S&P 500 e-minis were down 0.75 points, or 0.03 percent, with 195,818 contracts traded.
Nasdaq 100 e-minis were down 4.75 points, or 0.1 percent, on volume of 22,701 contracts.
Facebook shares rose 4 percent to $128.21 premarket and were set to open at an all-time high in regular trading, after the company reported second-quarter results that handily beat analysts' estimates on Wednesday.
The stock was also the top percentage gainer among S&P 500 components.
A set of better-than-expected results this week from key companies including Apple and Boeing have improved the prospects for corporate earnings in the latest quarter.
Earnings of S&P 500 companies are expected to fall 3 percent, compared with the 5 percent decline estimated at the start of the earnings season, according to Thomson Reuters I/B/E/S.
Google parent Alphabet and online retailer Amazon.com are expected to report results after the bell.

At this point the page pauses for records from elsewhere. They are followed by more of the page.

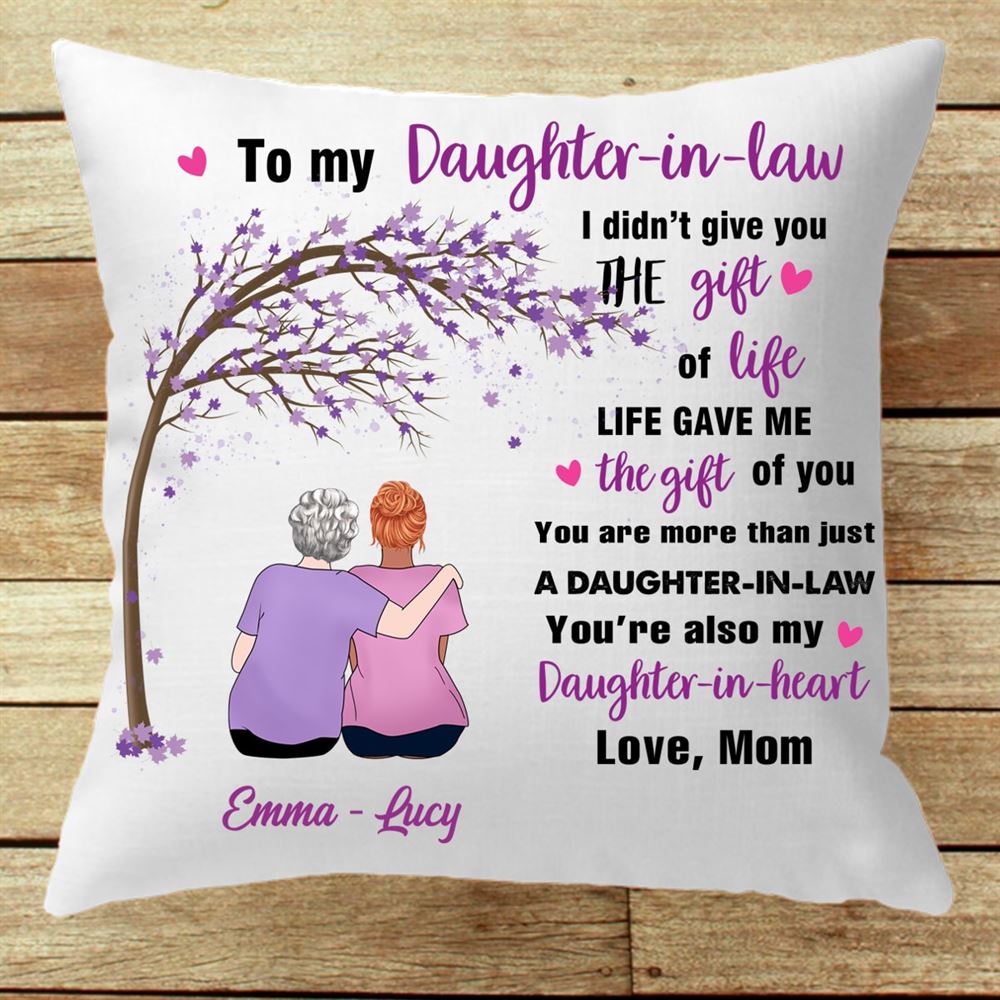 Personalized Mom Daughter In Law Gift Custom Pillow Insert Included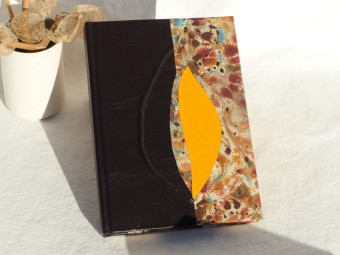 Carnet de note feuille en cuir marron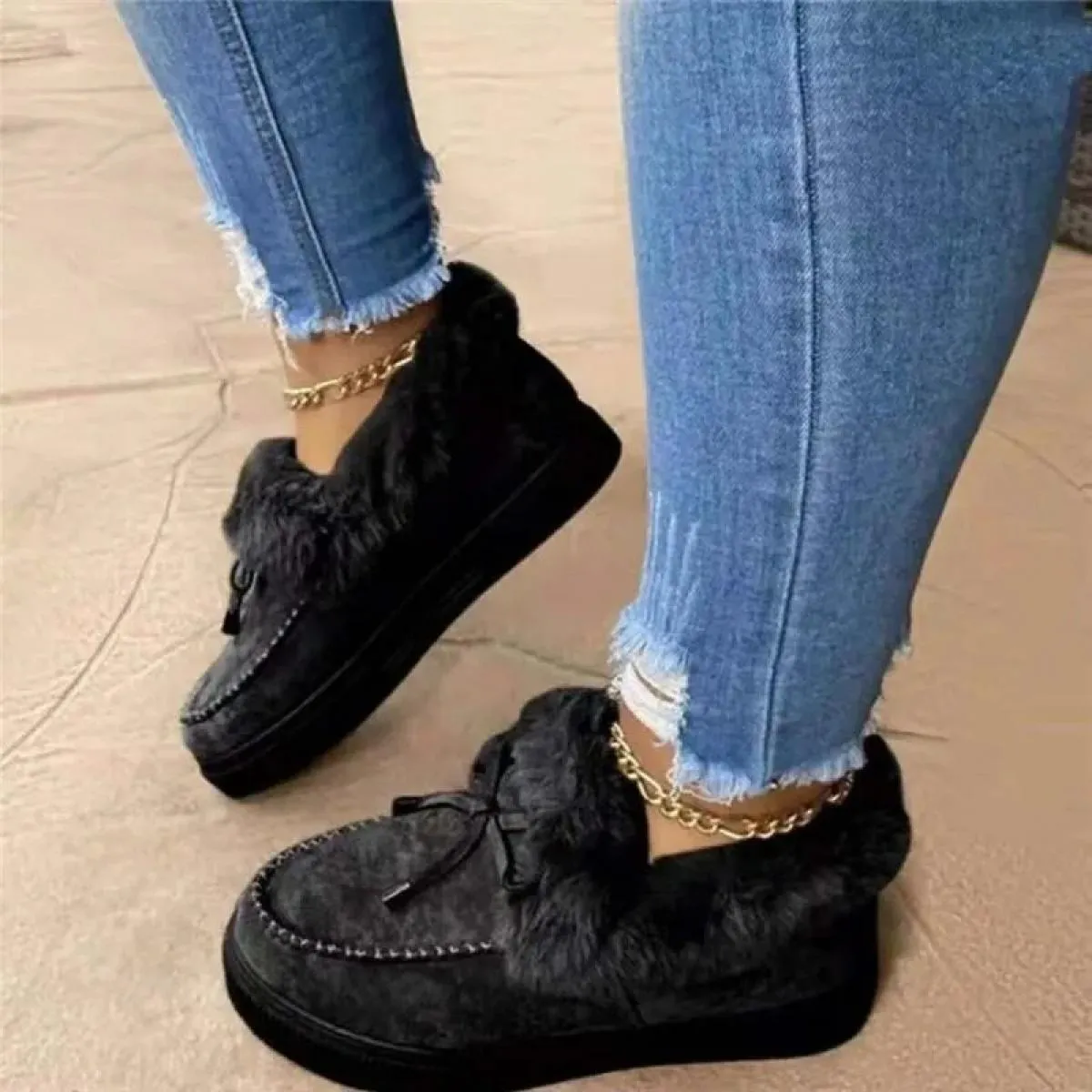 2023 nuovi stivaletti invernali stivali da neve in pelle scamosciata peluche pelliccia naturale calda slip on scarpe da donna ap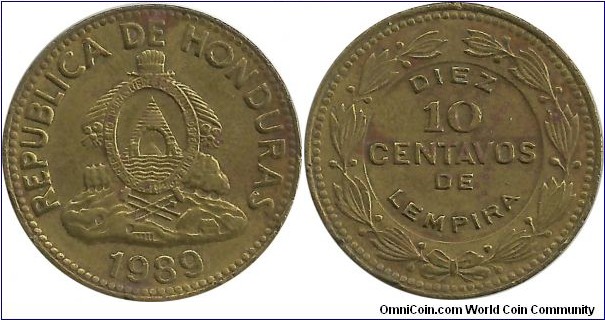 Honduras 10 Centavos 1989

Shares of the two companies were up about 0.8 percent in thin premarket trading.
A report by the U.S. Labor Department showed that unemployment numbers rose more than expected to 266,000 for the week ended July 22. Analysts had expected a rise to 260,000.
NetSuite soared 18.3 percent to $108.35 after Oracle agreed to buy the company for about $9.3 billion. Oracle was up 1.8 percent.
MasterCard rose about 2 percent to $96.60 after the company reported a 6.7 percent rise in quarterly profit.
Ford dropped 7.3 percent after it posted a disappointing second-quarter profit.
Raytheon rose 2.4 percent to $138.60 after it reported better-than-expected quarterly revenue.